I did some quick measurement on the Tesla model S cradle so you could verify









Distance B ....Looks like 43.5









Distance A ....Is about 41.75









Distance C ... approx 23.625










Your also have to give some thought about your Rims. The factory rotors and calipers are large and I don't think your going to be able to use a rim smaller they the factory (19").


----------



## joekitch (Sep 13, 2013)

XS_MotorWorks said:


> Your also have to give some thought about your Rims. The factory rotors and calipers are large and I don't think your going to be able to use a rim smaller they the factory (19").


ah, thank you for the measurements
19" wheels are just too damn big for the c3, 18 is already pushing it, the model 3 can do 18s so i guess that's yet another reason to get a 3 subframe over an S


----------



## brian_ (Feb 7, 2017)

joekitch said:


> unfortunately the giant can impacts that crossmember bit, so that'll have to be cut off and a new crossmember welded up
> https://drive.google.com/file/d/1WOz5oaK8srJ2t_ot8tWBb4p5Ygk_Get1/view?usp=sharing
> 
> another benefit of a model 3 subframe setup: the motor's quite a bit smaller


My guess is that crossmember is there primarily for the final drive and leaf spring carrier, so it may not need to be replaced at all.

The other obvious way to address motor bulk is to use the Tesla Model S/X small drive unit. While never used by Tesla as the only motor for a vehicle (it's only in AWD variants), and obviously less powerful than the large drive unit, it might still provide better performance than most stock C3s.

The Model 3 motor isn't just smaller - it's mounted ahead of the axle line, changing what it might run into. The Model 3 subframe is also differently shaped, due to the different suspension.


I see the name "corvolt" in an image filename. "Volt" made me think of "Bolt" - you could use the 150 kW Chevrolet Bolt motor instead of a Tesla, and not get anywhere near that crossmember.


----------



## joekitch (Sep 13, 2013)

Eh, small drive unit tops out around 300. It's certainly nice, but not enough for a proper american sports car.

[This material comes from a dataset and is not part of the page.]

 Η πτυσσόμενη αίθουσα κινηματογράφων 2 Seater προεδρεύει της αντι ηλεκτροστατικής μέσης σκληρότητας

really wish i could get a 3d scan of a model 3 subframe/motor, but it doesn't seem to be a thing yet :/
the motor being a little forward just means it might intrude into the cabin fiberglass a little, i may need to add a hump into where the cargo area is

CorVolt as in, Volt batteries. CorBolt honestly just sounds odd, also that motor is meh.


----------



## brian_ (Feb 7, 2017)

XS_MotorWorks said:


> Your also have to give some thought about your Rims. The factory rotors and calipers are large and I don't think your going to be able to use a rim smaller they the factory (19").


Good catch. This is a common issue with modern components in older vehicles. The most common solution is to just use the large-diameter wheels, even if they often look strange with the old styling.

Using the smallest wheel size for a given model may require the selection of corresponding brakes.

Overall tire diameter can be an issue, too, but the G70-15 typical of this era of Corvette isn't far off the overall diameter of the tires on a Model S or Model 3 (and is actually taller than the 18" Model 3 tire). Of course tire sizes can be changed, but that affects motor speed for a given road speed.


----------



## brian_ (Feb 7, 2017)

joekitch said:


> Eh, small drive unit tops out around 300. It's certainly nice, but not enough for a proper american sports car.
> ...
> CorVolt as in, Volt batteries. CorBolt honestly just sounds odd, also that motor is meh.


Right, you would need either boost the Bolt or Tesla small motor output, or build a two-motor all-wheel-drive C3 (with either brand of drive units). 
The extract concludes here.